A very special event with 1920s dance music, Donna in an amazing period costume, china cups and saucers, a beautiful cake and our largest attendance this year!
Wendy welcomed us all saying what a joy it was to see such a large gathering for the launch of Donna’s latest book The Devil’s Draper, (a launch at Waterstone’s Sauchiehall St last night was also very well attended). Donna, a Story Cafe regular, really needs no introduction – she was with us last year when shared some of her research for this novel at an event entitled Bad Girls and Lady Detectives.

Donna thanked us for coming and was delighted to be with us again.
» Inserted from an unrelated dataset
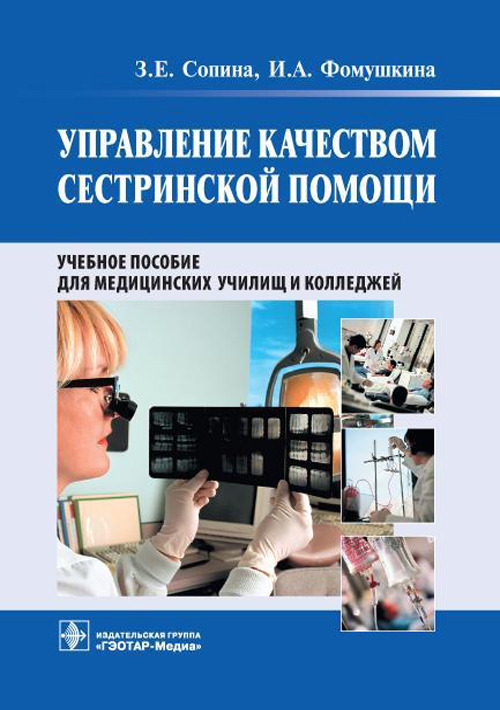 Управление качеством сестринской помощи. Учебное пособие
Her presentation this time concentrated on the Glasgow of the 1920s when the first women joined the police – they had no uniform, no power of arrest and were there to take statements from women and girls who had been attacked or abused which they passed onto their male colleagues, who generally ignored them. The records of the first woman employed in Glasgow has not survived but 10 more women joined the force in the 1920s. Women were also setting up employment agencies and working as private detectives. The female gangs of shoplifters and thieves led by a “queen” were also operating in parts of the UK.
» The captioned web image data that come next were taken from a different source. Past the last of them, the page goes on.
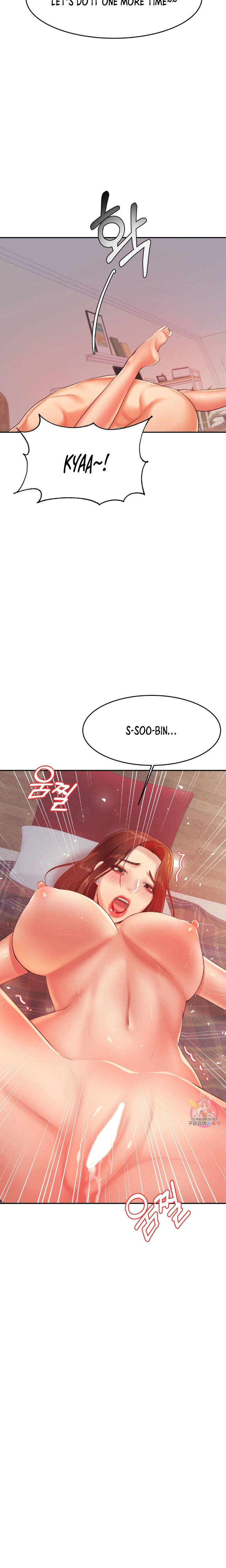 Teacher’s Lesson - Chapter 17 [photo 5] - MangaPorn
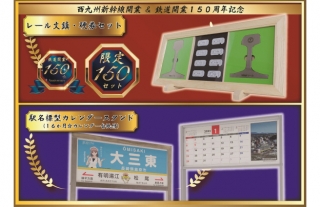 【島原鉄道】西九州新幹線開業＆鉄道開業150周年記念商品の発売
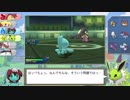 【ポケモンUSM】色違いポケモン6匹の気ままなランダムフリー:2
In her novel the three main characters, Mabel the policewomen, Johnnie an expert thief, and member of the St. Thenue’s Avengers and Beatrice, a business women, team up to investigate abuse of young female employees at Arrol’s, a large department store in Sauchiehall St. We heard about the gangs who would shoplift to order, case joints, blackmail and even kidnap! A well-known private detective was Maud West “the female Sherlock Holmes” who was very good at disguises. Donna then read the first two chapters which feature Mabel on duty at Central Station during the Glasgow Fair.
During the break the cake was cut and much enjoyed by all with more tea and chat.
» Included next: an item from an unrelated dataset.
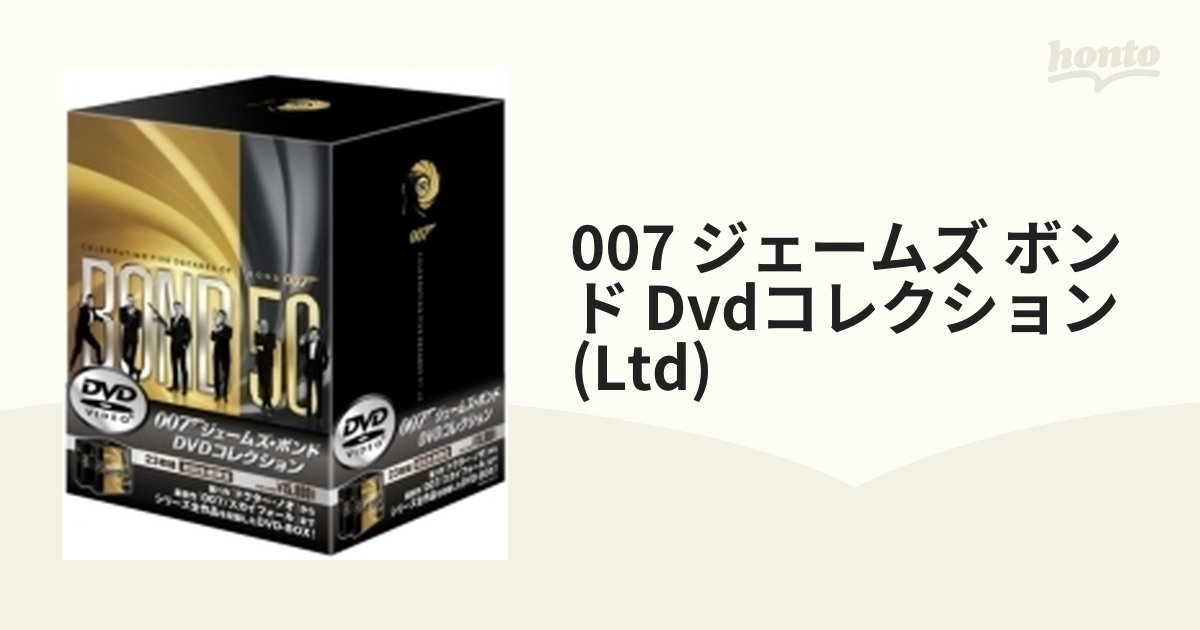 007 ジェームズ・ボンド DVDコレクション＜23枚組＞〔初回生産限定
In the second halfm Donna shared her research into the glory days of the Glasgow Department Stores such as Copland and Lye and Trerons with their orchestras, restaurants, tearooms, ladies room, gents smoking room and grand staircases decorated with plants and palm trees. She also loved researching fashions as portrayed in the Ladies Pictorial, all fascinating social history.
Donna read a chapter from later in the novel where Mabel is undercover at night club with a male colleague (one of the few who treats Mabel with respect) investigating drug trafficking.
Both the extracts we heard are examples of another feature of the novel – its humour, which is engaging and help to lighten the atmosphere in a story of misogyny and abuse of vulnerable young women.
Questions followed the reading. Yes, she had spoken to modern policewomen who said that they still faced difficulties with some male colleagues and the author Karen Campbell, an ex-police officer had confirmed this. No, she she didn’t map everything out in advance. She found it a joy in finding out what happened next whilst writing. Yes, she loved doing the research and even if she didn’t use it all, it still influenced her writing, gave her a sense of the time and place it was set and added to the ambiance of the novel.
I loved some of the minor characters especially Winnie, the ladies toilet attendant who is so much more to so many women, the Dadaist artist Countess Colette von der Weid and Lorrimer the detective Mabel works with undercover.
There was very warm applause for Donna at the end and we all look forward to future events with her and maybe even her next book launch! In the acknowledgements at the end of her novel Donna thanks “everyone at Glasgow Women’s Library…and special thanks to Wendy Kirk – GWL’s lovely librarian – and to the wonderful women who attend Story Cafe for their interest, support and encouragement” Well, we all love having Donna with us and feeling part of her creative journey. I joined the queue to purchase her book and have it signed by such a good friend of Story Cafe.
The Devil’s Draper is a follow up to her 2023 novel The Unpicking and some of the characters, including Mabel, appear in both. I re-read The Unpicking, a compelling story of three generations of women fighting against the awful situations they face, before I read The Devil’s Draper and it certainly enhanced my enjoyment of the latter where Mabel, Johnnie and Beatrice go on a perilous journey to discover the truth. The dear green place could also be a very dark place…
And sadly as Donna says “the abuse, injustice and discrimination [they faced] still continues today”
Both titles are available from GWL and I highly recommend them.
Our next Story Cafe is Thursday 29th May when we welcome back Grey Hen Press with their wonderful poetry anthologies.